You can apply filters when creating training data from a feature view:
- start-time and end-time, for example, to create the train-set from an earlier time range, and the test-set from a later (unseen) time range;
- feature value features, for example, only train a model on customers from a particular country.
Note that filters are not applied when retrieving feature vectors using feature views, as we only look up features for a specific entity, like a customer. In this case, the application should know that predictions for this customer should be made on the model trained on customers in USA, for example.
Point-in-time Correct Training Data#
When you create training data from features in different feature groups, it is possible that the feature groups are updated at different cadences. For example, maybe one feature group is updated hourly, while another feature group is updated daily. It is very complex to write code that joins features together from such feature groups and ensures there is no data leakage in the resultant training data. HSFS hides this complexity by performing the point-in-time JOIN transparently, similar to the illustration below:
HSFS uses the event_time columns on both feature groups to determine the most recent (but not newer) feature values that are joined together with the feature values from the feature group containing the label. That is, the features in the feature group containing the label are the observation times for the features in the resulting training data, and we want feature values from the other feature groups that have the most recent timestamps, but not newer than the timestamp in the label-containing feature group.
Splitting Training Data#
You can create random train/validation/test splits of your training data using the HSFS API. You can also time-based splits with the HSFS API.
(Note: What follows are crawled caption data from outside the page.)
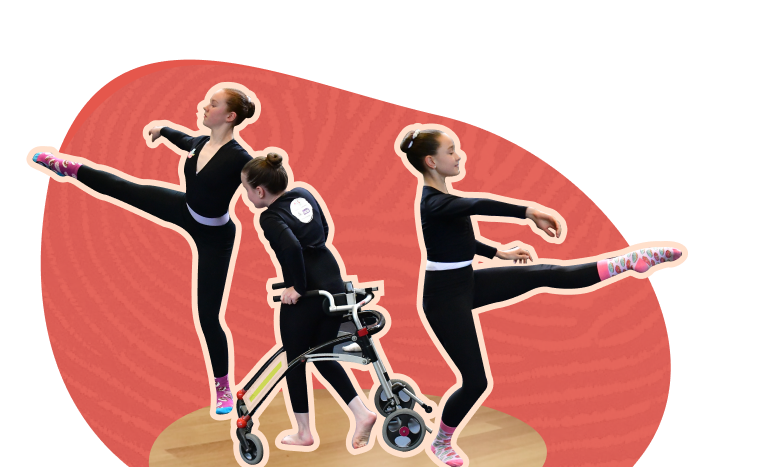 Dance partners collaborating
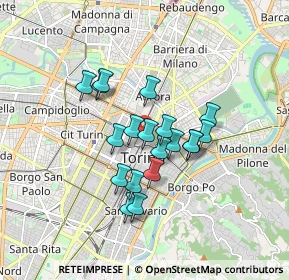 Mappa BATA, 10122 Torino TO, Italia (1.32474)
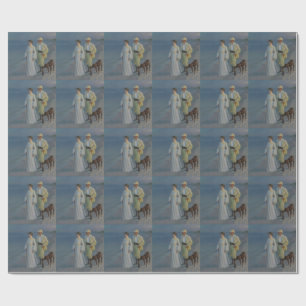 Summer Evening at Skagen Beach Wrapping Paper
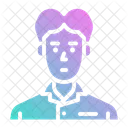 Teenager Man User Icon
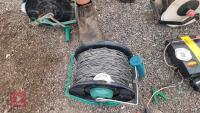 REEL OF METAL ELECTRIC FENCING WIRE - 3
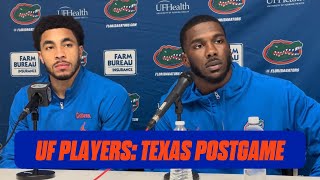 UF Players React to Texas Loss  Florida Gators Football [upl. by Adyahs]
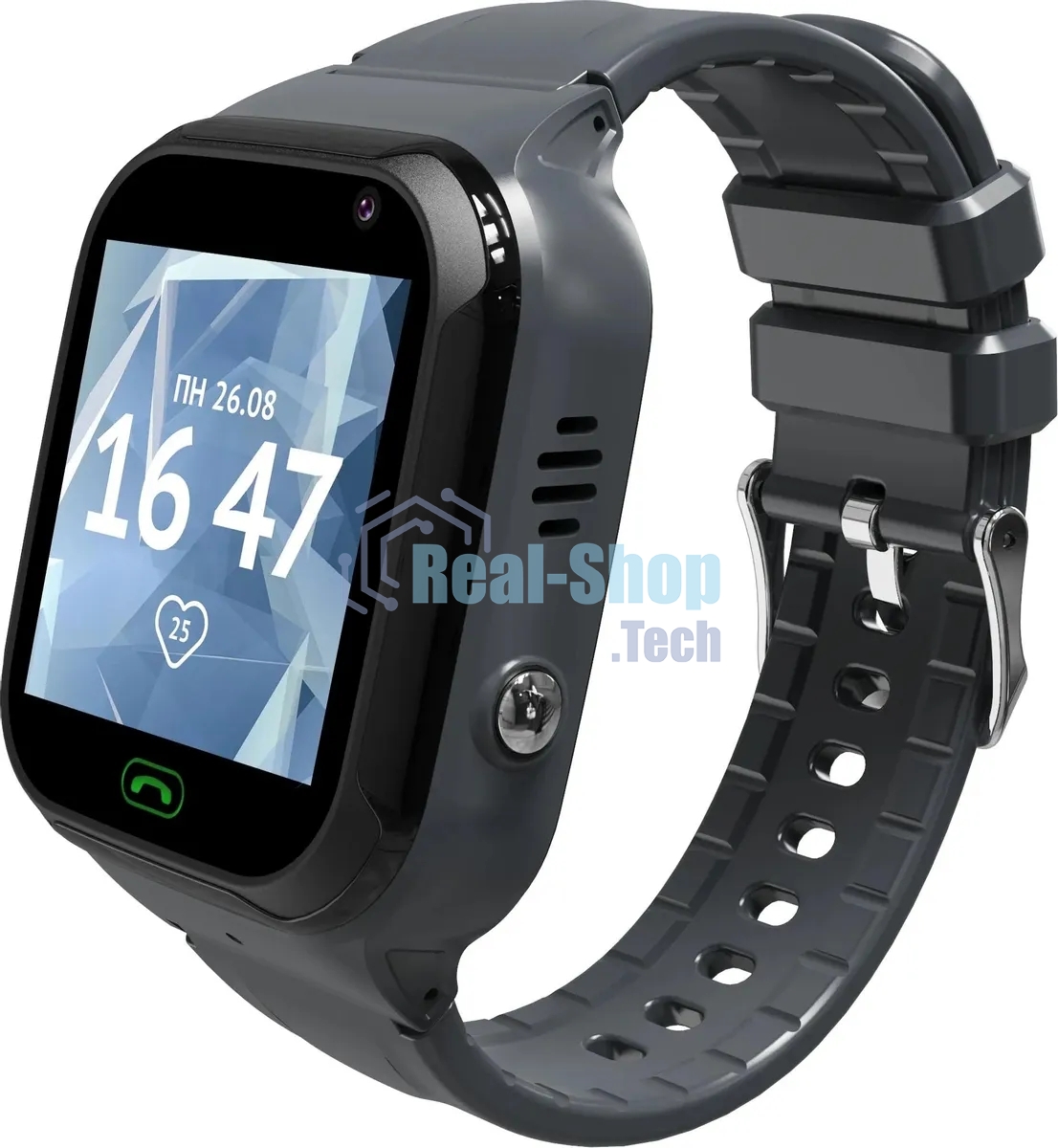 Смарт-часы AIMOTO Omega 4G с видеозвонком черный 9250101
Test data can also be split into evaluation sets to help evaluate a model for potential bias. First, you have to identify the classes of samples that could be at risk of bias, and generate evaluation sets from your unseen test set - one evaluation set for each group of samples at risk of bias. For example, if you have a feature group of users, where one of the features is gender, and you want to evaluate the risk of bias due to gender, you can use filters to generate 3 evaluation sets from your test set - one for male, female, and non-binary. Then you score your model against all 3 evaluation sets to ensure that the prediction performance is comparable and non-biased across all 3 gender.
Batch (Scoring) Data#
Batch data for scoring models is created using a feature view. Similar to training data, you can create batch data as either:
- in-memory Pandas DataFrames, useful when you have a small amount of data to score;
- materialized data in files, in a file format of your choice (such as .tfrecord, .csv, or .parquet)
Batch data requires specification of a
start_time for the start of the batch scoring data. You can also specify the
end_time (default is the current date).